IV. Cost Benefit Analysis


    Section 15 of the Act, as amended by section 119 of the CFMA,
requires the Commission to consider the costs and benefits of its
action before issuing a new regulation or order under the Act. By its
terms, section 15 does not require the Commission to quantify the costs
and benefits of its action or to determine whether the benefits of the
action outweigh its costs. Rather, section 15 simply requires the
Commission to ``consider the costs and benefits'' of the subject rule
or order.
    Section 15(a) further specifies that the costs and benefits of the
proposed rule or order shall be evaluated in light of five broad areas
of market and public concern: (1) Protection of market participants and
the public; (2) efficiency, competitiveness, and financial integrity of
futures markets; (3) price discovery; (4) sound risk management
practices; and (5) other public interest considerations. The Commission
may, in its discretion, give greater weight to any one of the five
enumerated areas of concern and may, in its discretion, determine that,
notwithstanding its costs, a particular rule or order is necessary or
appropriate to protect the public interest or to effectuate any of the
provisions or to accomplish any of the purposes of the Act.
    The order is intended to reduce regulatory barriers to permit CFTC-
registered floor brokers and floor traders, when acting in a
proprietary capacity, to enter into transactions in


[[Page 2324]]


exempt commodities on exempt commercial markets pursuant to section
2(h)(3) of the Act if such entities are either eligible contract
participants or have obtained a financial guarantee for such
transactions from a clearing member that is both a member of a CFTC-
registered derivatives clearing organization and an eligible contract
participant. The Commission has considered the costs and benefits of
the order in light of the specific provisions of section 15(a) of the
Act.


A. Protection of Market Participants and the Public


    The order would permit CFTC-registered floor brokers and floor
traders who are eligible contract participants, or who have guarantees
from clearing members that are members of CFTC-registered derivatives
clearing organizations and are eligible contract participants, to enter
into proprietary transactions in exempt commodities on exempt
commercial markets. Under the Act, eligible commercial entities involve
sophisticated investors who have the financial wherewithal or trading
expertise to participate in these markets.

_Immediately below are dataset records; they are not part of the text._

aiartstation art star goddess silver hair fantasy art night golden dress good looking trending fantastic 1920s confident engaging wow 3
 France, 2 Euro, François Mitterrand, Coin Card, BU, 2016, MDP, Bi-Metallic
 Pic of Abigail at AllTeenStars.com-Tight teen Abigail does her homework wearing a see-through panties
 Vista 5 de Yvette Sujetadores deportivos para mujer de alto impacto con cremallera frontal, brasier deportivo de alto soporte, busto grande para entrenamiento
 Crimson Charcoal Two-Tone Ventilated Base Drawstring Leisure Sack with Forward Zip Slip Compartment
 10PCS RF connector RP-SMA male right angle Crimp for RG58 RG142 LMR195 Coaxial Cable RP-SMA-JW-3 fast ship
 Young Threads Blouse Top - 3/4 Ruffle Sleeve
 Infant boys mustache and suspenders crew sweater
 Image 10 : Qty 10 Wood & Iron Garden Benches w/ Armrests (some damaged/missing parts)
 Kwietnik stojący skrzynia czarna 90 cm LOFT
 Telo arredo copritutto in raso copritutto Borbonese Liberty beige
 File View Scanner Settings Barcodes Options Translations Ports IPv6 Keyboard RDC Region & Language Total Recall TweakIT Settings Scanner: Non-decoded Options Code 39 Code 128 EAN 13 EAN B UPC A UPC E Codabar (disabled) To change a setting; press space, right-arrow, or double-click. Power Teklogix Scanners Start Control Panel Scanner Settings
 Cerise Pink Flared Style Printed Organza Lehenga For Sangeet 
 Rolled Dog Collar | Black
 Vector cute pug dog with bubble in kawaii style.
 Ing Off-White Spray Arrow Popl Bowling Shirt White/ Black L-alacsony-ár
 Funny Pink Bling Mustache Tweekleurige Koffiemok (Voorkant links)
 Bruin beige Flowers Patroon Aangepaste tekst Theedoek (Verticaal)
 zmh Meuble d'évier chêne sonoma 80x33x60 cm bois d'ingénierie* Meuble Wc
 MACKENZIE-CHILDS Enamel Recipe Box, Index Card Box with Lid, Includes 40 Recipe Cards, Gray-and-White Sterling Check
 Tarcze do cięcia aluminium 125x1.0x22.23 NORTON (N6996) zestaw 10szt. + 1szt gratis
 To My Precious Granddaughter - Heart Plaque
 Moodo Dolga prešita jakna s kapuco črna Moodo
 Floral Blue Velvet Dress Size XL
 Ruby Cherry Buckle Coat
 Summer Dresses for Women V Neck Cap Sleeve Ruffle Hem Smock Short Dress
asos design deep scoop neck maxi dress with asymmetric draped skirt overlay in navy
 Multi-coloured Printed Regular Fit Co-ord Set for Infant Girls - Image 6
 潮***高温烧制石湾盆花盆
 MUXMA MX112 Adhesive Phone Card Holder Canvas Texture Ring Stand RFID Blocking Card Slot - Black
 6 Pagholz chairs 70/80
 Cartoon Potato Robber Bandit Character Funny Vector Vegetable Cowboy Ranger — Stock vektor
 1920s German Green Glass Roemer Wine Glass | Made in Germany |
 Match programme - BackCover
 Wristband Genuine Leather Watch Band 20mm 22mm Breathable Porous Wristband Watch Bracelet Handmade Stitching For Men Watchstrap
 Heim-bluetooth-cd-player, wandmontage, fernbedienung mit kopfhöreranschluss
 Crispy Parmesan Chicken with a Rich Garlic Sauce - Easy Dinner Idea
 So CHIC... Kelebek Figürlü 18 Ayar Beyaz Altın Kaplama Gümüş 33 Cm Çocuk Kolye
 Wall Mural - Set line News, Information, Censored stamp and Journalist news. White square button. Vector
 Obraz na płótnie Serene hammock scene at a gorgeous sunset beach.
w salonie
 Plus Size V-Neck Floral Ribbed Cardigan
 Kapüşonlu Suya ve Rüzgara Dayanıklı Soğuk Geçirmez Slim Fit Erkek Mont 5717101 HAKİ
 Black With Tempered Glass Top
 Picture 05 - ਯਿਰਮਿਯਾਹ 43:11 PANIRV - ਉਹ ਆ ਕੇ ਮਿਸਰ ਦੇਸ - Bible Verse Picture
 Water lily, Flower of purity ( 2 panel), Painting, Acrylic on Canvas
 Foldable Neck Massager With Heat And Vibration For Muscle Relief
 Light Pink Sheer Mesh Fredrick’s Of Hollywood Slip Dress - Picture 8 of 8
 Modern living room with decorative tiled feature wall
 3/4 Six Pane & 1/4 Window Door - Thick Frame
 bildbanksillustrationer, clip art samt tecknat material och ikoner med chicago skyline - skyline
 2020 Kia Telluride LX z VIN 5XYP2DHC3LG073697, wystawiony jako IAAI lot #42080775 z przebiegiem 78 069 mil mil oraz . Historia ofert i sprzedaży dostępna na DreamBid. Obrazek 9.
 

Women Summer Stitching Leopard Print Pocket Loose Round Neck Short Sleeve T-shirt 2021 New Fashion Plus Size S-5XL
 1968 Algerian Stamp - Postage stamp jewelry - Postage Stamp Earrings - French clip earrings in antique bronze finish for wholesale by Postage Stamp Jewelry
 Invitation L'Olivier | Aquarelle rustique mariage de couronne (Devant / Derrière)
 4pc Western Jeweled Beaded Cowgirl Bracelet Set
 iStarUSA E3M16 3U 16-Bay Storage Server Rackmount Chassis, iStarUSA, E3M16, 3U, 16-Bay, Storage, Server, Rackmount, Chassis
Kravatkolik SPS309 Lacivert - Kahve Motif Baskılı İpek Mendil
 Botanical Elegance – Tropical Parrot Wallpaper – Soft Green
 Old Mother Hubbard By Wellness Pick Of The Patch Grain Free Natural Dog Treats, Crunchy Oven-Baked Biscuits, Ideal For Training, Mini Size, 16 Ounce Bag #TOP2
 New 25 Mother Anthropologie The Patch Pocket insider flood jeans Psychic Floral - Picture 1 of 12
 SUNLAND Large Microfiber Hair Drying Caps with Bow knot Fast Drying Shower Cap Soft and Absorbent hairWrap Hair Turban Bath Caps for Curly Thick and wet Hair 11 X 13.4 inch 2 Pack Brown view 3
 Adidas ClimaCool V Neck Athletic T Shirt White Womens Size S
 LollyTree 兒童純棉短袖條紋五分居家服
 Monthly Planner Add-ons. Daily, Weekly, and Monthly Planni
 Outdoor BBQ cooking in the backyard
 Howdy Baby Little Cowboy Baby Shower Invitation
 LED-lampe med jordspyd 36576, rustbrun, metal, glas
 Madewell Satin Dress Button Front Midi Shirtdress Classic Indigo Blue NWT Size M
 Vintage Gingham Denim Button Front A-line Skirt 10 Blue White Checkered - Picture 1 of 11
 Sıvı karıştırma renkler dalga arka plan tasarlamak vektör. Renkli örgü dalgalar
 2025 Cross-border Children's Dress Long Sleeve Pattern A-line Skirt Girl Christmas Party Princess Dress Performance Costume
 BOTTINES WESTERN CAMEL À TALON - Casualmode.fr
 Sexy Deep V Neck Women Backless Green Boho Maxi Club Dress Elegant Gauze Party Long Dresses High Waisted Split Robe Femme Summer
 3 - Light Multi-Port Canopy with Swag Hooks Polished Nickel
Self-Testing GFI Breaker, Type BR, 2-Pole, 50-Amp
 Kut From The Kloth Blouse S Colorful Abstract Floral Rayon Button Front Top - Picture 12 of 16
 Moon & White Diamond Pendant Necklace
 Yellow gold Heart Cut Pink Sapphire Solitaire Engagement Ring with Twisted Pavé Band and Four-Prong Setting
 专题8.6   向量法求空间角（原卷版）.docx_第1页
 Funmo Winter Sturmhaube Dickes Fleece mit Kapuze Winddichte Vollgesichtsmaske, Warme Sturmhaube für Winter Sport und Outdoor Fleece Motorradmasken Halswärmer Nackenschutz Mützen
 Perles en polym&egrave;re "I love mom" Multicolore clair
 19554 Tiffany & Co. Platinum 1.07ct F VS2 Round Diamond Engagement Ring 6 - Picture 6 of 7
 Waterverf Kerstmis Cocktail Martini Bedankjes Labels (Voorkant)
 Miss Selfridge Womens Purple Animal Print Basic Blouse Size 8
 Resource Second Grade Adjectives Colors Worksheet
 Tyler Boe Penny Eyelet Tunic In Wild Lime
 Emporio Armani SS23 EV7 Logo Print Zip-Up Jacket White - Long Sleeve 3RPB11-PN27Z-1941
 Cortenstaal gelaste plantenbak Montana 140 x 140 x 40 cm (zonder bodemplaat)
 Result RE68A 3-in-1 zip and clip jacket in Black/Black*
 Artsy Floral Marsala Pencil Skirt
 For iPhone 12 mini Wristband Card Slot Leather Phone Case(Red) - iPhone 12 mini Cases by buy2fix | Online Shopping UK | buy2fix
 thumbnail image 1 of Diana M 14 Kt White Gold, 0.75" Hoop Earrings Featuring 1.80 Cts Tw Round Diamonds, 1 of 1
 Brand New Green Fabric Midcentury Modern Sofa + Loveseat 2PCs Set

Accordingly, there should be
no effect on the Commission's ability to protect market participants
and the public.


B. Efficiency and Competition


    The order is expected to benefit efficiency and competition by,
among other things, increasing the flow of trading information between
contract markets and exempt commercial markets, increasing the pool of
potential counterparties for participants trading on exempt commercial
markets, and providing essential trading expertise to the market that
enhances price discovery through both the speed and efficiency of
market adjustment to new fundamentals.


C. Financial Integrity of Futures Markets and Price Discovery


    The order should have no effect, from the standpoint of imposing
costs or creating benefits, on the financial integrity of the futures
and options markets. The order should enhance the price discovery
function of such markets.


D. Sound Risk Management Practices


    The order should have no effect, from the standpoint of imposing
costs, on the risk management practices of the futures and options
industry. Where the floor broker or floor trader is qualified as an
eligible contract participant, the entity has been deemed to be
sufficiently responsible to execute trades by the Act, and no further
mitigation of credit risk is necessary. Where the floor broker or floor
trader does not qualify as an eligible contract participant, the order
requires that a clearing member of a registered derivatives clearing
organization that is itself an eligible contract participant guarantee
the trades in order to mitigate the credit and collection risk.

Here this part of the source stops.